L’écriture inclusive

Publié le 12 novembre 2017 | Temps de lecture : 10 minutes


 
Introduction

L’écriture inclusive se définit comme l’ensemble des procédés graphiques et syntaxiques permettant d’assurer une égalité des représentations entre les femmes et les hommes.

L’écriture inclusive vise trois objectifs d’importances inégales :
• la féminisation des titres,
• l’élimination du masculin générique,
• l’élimination de la majuscule de prestige à ‘Homme’.

Encore controversée en France, la féminisation des titres est une chose acquise au Québec. Voilà pourquoi il n’en sera pas question ici.

Le troisième objectif, mineur, vise à éviter, par exemple, que ‘droits de l’Homme’ désigne les droits communs aux hommes et aux femmes.

Le texte qui suit concernera donc exclusivement le deuxième objectif, beaucoup plus ambitieux.

Le masculin générique

Offensés par la règle selon laquelle le masculin l’emporte sur le féminin, ses promoteurs accusent celle-ci d’invisibiliser (sic) les femmes.

À titre d’exemple, dans le paragraphe qui précède, ‘promoteurs’ comprend à la fois les promoteurs de sexe masculin et les promotrices. Conséquemment, le mot masculin pluriel ‘promoteurs’ englobe donc implicitement les promotrices, ce qui a pour résultat de les occulter.

En somme, le masculin générique aurait pu très bien s’appeler ‘masculin inclusif’ parce que c’est précisément ce qu’il fait; inclure implicitement le féminin.

Aussi offensante soit-elle, cette règle concerne le genre grammatical et non le sexe des êtres (vivants ou inanimés).

Une table n’est pas de sexe féminin, mais plutôt du genre féminin. De la même manière, un divan n’est pas de sexe masculin, mais plutôt du genre masculin.

Les promoteurs de l’écriture inclusive en sont conscients mais soutiennent que le langage construit les mentalités et entraine un impact important sur les représentations sociales.

Il s’agit donc pour eux de combattre les stéréotypes sexistes en remaniant l’écriture.

Langue et société

Dans le combat en faveur de l’égalité des sexes, le désir d’éliminer le masculin générique repose sur le mythe selon lequel la langue façonne les mentalités.

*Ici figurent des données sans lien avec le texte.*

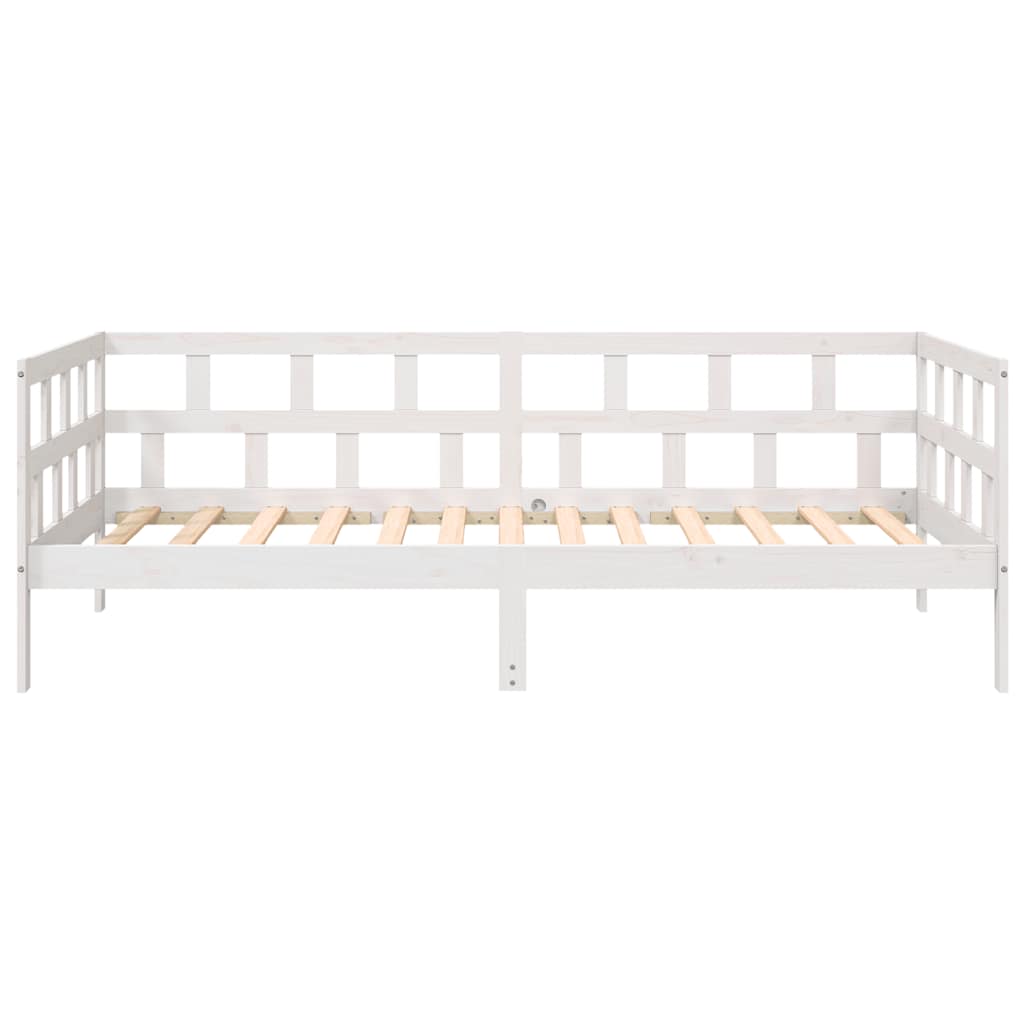 daybed 90x190 cm massivt fyrretræ hvid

Est-il possible que ce soit l’inverse ? En d’autres mots, ne pourrait-on pas croire que toute langue soit le reflet de l’histoire et de l’évolution de la société qui l’utilise ?

Dans tous les cas, peut-on effacer les ‘stigmates’ des mentalités qui prévalaient autrefois ?

La mitraille de points

En France, le Haut Conseil à l’égalité entre les femmes et les hommes (HCE), un organisme étatique, recommande de structurer les phrases selon le schéma suivant : racine du mot + suffixe masculin + point + suffixe féminin.

Dans tous les cas, le HCE prescrit que le suffixe masculin ait préséance sur le suffixe féminin. Pour une solution à l’écriture sexiste, cette préséance est antinomique.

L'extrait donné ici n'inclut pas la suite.